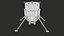 Lunar Lander Hakuto-R PBR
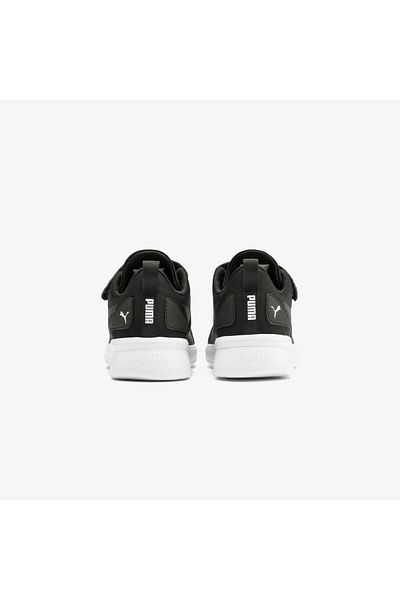 Puma Flyer Runner V PS Černé pánské dětské běžecké boty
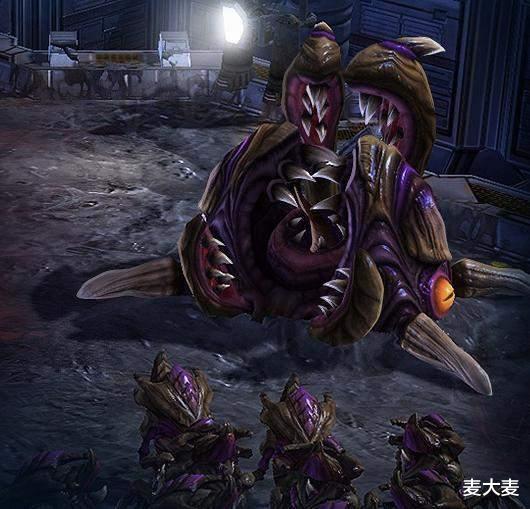 星际争霸中的虫族是如何将一整颗星球给吞噬掉的?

-=-=-=-=-

TASK STATEMENT — Omit all images when repeating the data above exactly.

RESULT FOR THIS TASK —
 Lunar Lander Hakuto-R PBR
 Puma Flyer Runner V PS Černé pánské dětské běžecké boty
 星际争霸中的虫族是如何将一整颗星球给吞噬掉的?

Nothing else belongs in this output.